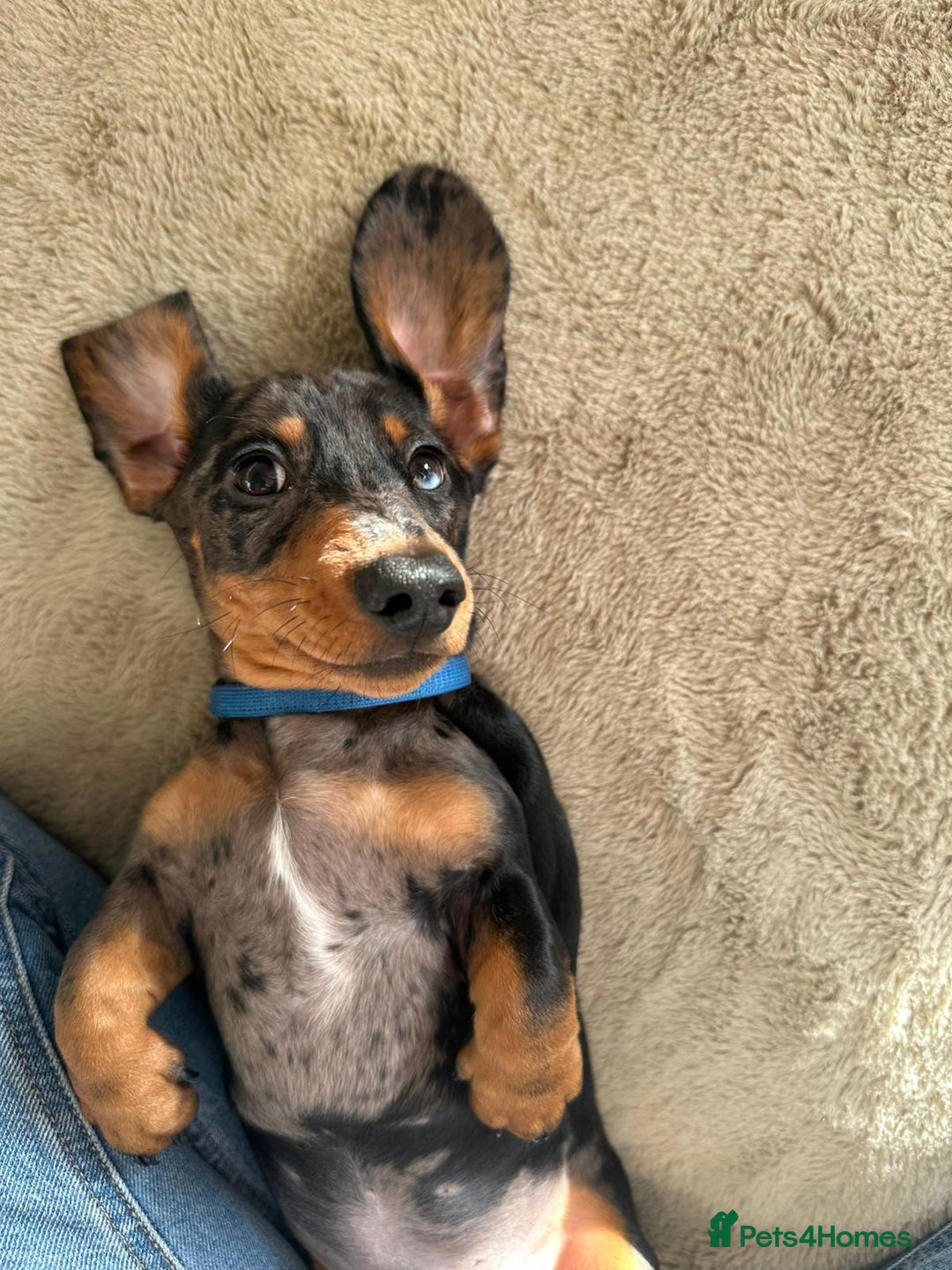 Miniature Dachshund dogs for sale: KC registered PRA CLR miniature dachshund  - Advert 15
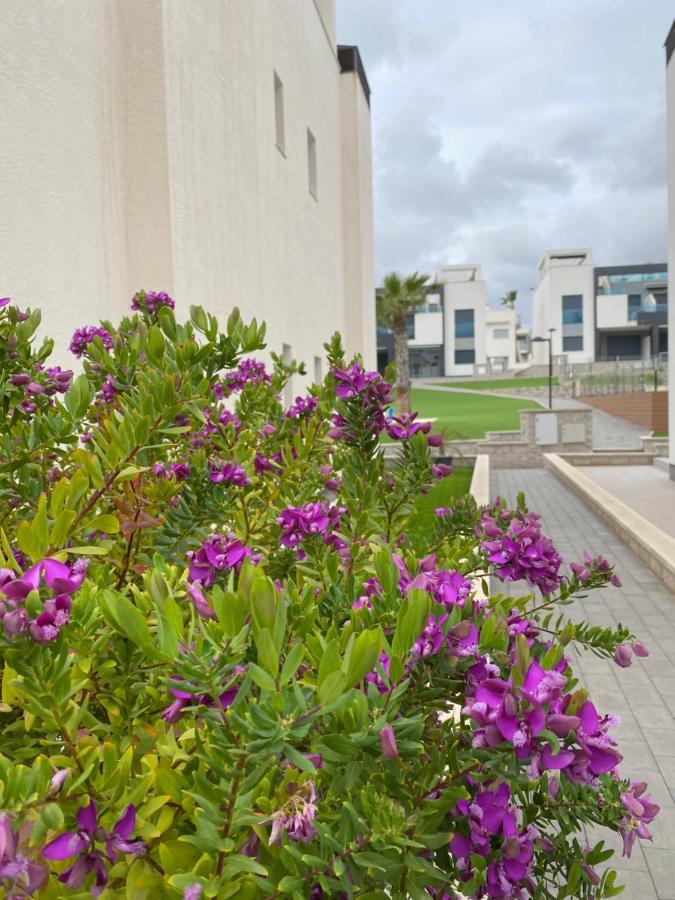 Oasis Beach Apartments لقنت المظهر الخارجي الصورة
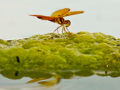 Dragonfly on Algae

- Your instructions -
From the first line to the last, retype the data exactly, without images.

- Result -
 Miniature Dachshund dogs for sale: KC registered PRA CLR miniature dachshund  - Advert 15
 Oasis Beach Apartments لقنت المظهر الخارجي الصورة
 Dragonfly on Algae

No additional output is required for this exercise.